Stallholders have been promised that adjoining land on the other side of the Spires’ service road – including space around the mound – will be re-landscaped to provide paved areas with room for coffee and refreshment stalls, as well as new seating.
“We have been assured the lay-out for the market around the bandstand will be improved, and that there will be proper facilities such as electricity connections,” said Tyler Bone, a third-generation fruit and vegetable stallholder.
“If we get what’s been promised, and the market becomes really welcoming, we could do really well again.”
Chris Nightingale, organiser of Friends of Barnet Market, said the success of the move from St Albans Road to the rear of the Spires was “crucial” to the market’s long-term future.
“After what have been difficult years for the market, there is hope now that the market is beginning a new chapter in its long history,” says Andy Gardiner, of the Barnet Market Traders Association.
He issued this appeal to High Barnet residents:
“Don’t just be a friend of the market, become a valued customer. This is your community market that you fought so hard to keep. Continued support will help the market flourish.”
The move back to the bandstand area follows the decision by Barnet Council to grant planning approval for a Premier Inn on what was originally was the site of former Barnet cattle market, and later became a market for fruit and vegetables as well as household hoods.
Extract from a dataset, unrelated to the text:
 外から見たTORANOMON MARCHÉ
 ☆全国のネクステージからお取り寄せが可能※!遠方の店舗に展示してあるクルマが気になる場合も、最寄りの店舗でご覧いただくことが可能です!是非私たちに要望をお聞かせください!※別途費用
When the cattle market was demolished, and the future development of the site was in dispute, the market moved temporarily to the Stapylton Road car park, and later to the bandstand area when the original site was acquired and re-surfaced by the Spires’s owners.
If we get what’s been promised, and the market becomes really welcoming, we could do really well again.
Regular traders said they were keeping their fingers crossed that at last the market might regain lost trade.
Lenny Harvey from Cheshunt, who runs Lenny’s meat stall with his wife Lynn, said that the first day back at the bandstand (10.11.2018) had seen new customers come along.
Adrian Wright, a Lowestoft fishmonger, who drives his van to Barnet every Saturday, was equally optimistic about attracting new custom.
Next year will be the market’s 60th year of trading as a general market – and will also be the 60th anniversary of the Bone’s fruit and vegetable stall.
Tyler Bone runs the stall with his father David, and it was David’s parents Albert and Joan who started the first pitch selling fruit and vegetables in 1959.